It’s time for Five Minute Friday again! Five minutes of writing on a one word prompt. No editing. Just whatever comes out of our hearts. It’s amazing to see how just one word can draw out things that we’re already processing inside. The girls are joining me again as they have really enjoyed it the last few weeks AND WE’RE SO EXCITED TO TELL YOU: We are hosting a link-up for Five Minute Friday Kids’ Edition over at Desperate Homeschoolers! So please consider having your kids do their own five minutes of writing and link up with us over there! Here goes:
Ok, so I know I’ve used this picture before for a FMF post, but it just fit what I have to say today so very well, I had to use it again. Please forgive me!
Surely, I’m not the only one, but I find adjusting to the rhythm of a newborn in the house to be very, VERY difficult. Even when he’s the sweetest thing on the planet, it’s just really hard for me. I second-guess everything until I drive myself bonkers. Does he want to sleep now? Is he tired? Oh, maybe he’s hungry. It’s probably my fault – I’m not making enough milk. No wait, there’s poop on my leg – he must want a diaper change. How could I have missed that??? And on and on it goes. Please tell me there is someone else out there who does this!!!
It seems the only rhythm I can count on through these first weeks and months is the rhythm of the bouncy ball as one of us bounces him to sleep or bounces him to calm him down or bounces him to make him laugh.
And then some dear friends moved away and gave us their trampoline, so while I’m bouncing on the ball, I listen to my older ones’ rhythmic bouncing on the trampoline. And I think, will my life ever get into sync with the rhythms around me or will I always feel behind?
And then I remember Eugene Peterson’s wonderful translation of the “Come to me” verse which I’ll copy and paste when I’m done. And I just want to dance through each day to the rhythm of God’s grace to me in Jesus. And I can. I can rest in the confidence that everything he gives me to handle, whether it’s the wondrous-ness of that baby giggle or the frustration of inconsolable crying, he’s working out my salvation with it. I like that rhythm.

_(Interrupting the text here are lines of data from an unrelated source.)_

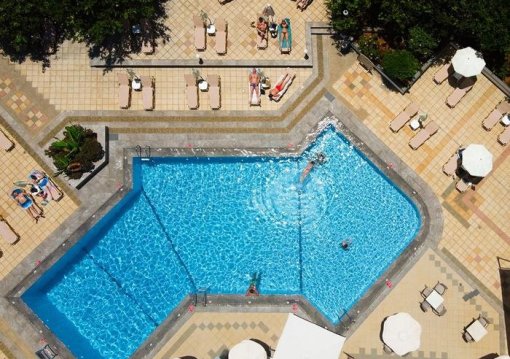 Kréta Malia utazás Malia Holidays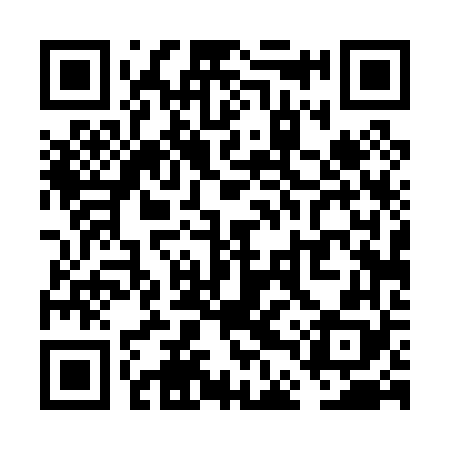 QR code for VDT068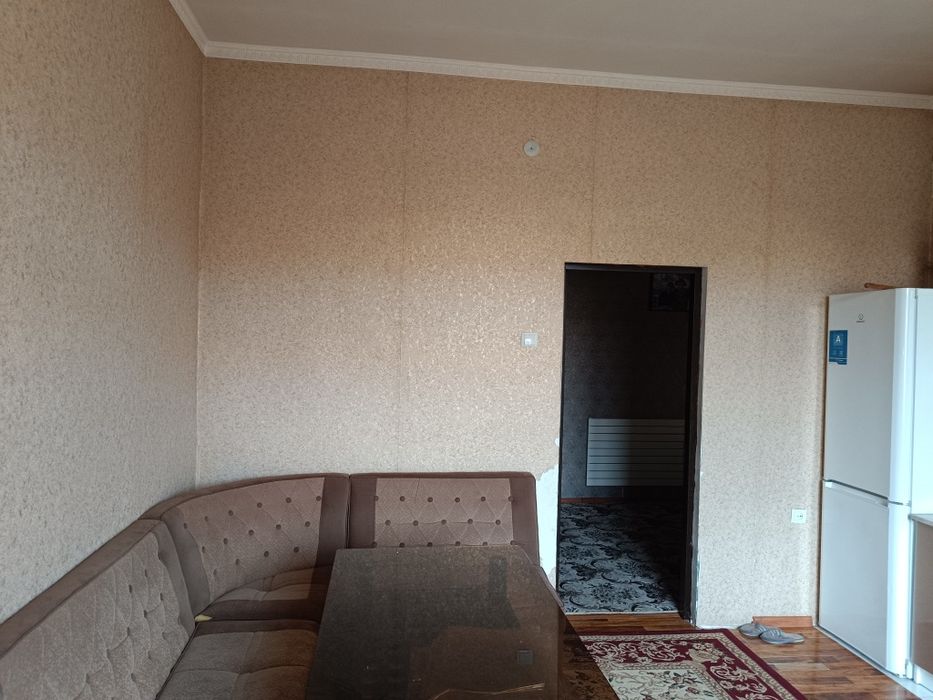 Срочно продается дом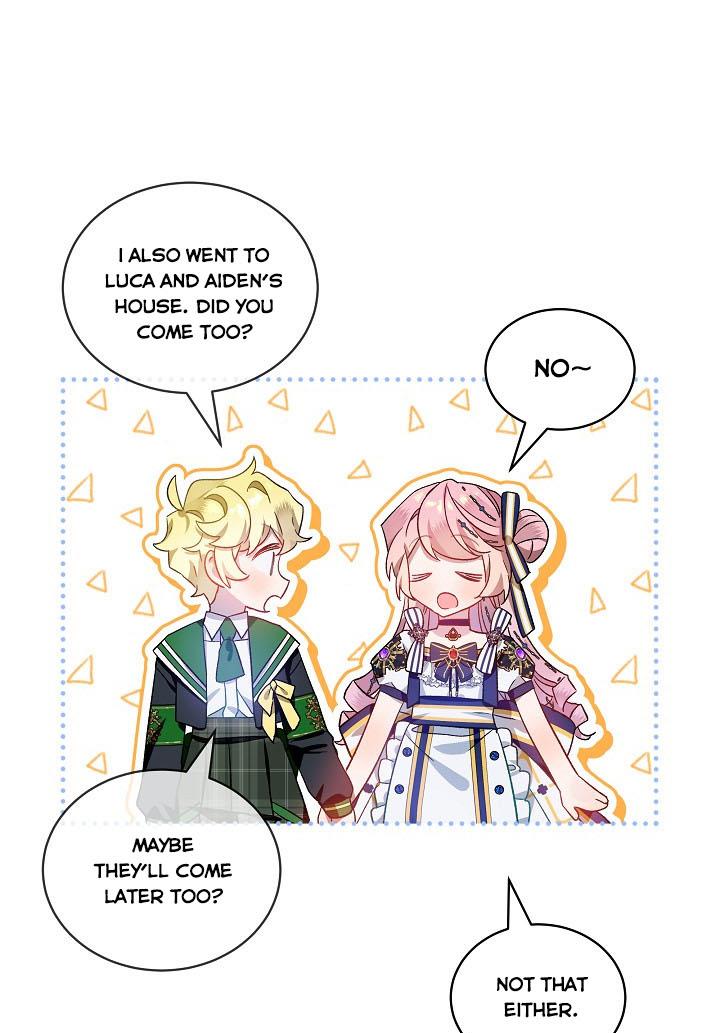 Page 14 of Chapter 34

Here’s the verse I was thinking of: “Are you tired? Worn out? Burned out on religion? Come to me. Get away with me and you’ll recover your life. I’ll show you how to take a real rest. Walk with me and work with me—watch how I do it. Learn the unforced rhythms of grace. I won’t lay anything heavy or ill-fitting on you. Keep company with me and you’ll learn to live freely and lightly.” Matthew 11:28-30, The Message
Be blessed this weekend, friends. Learn those unforced rhythms of grace with me!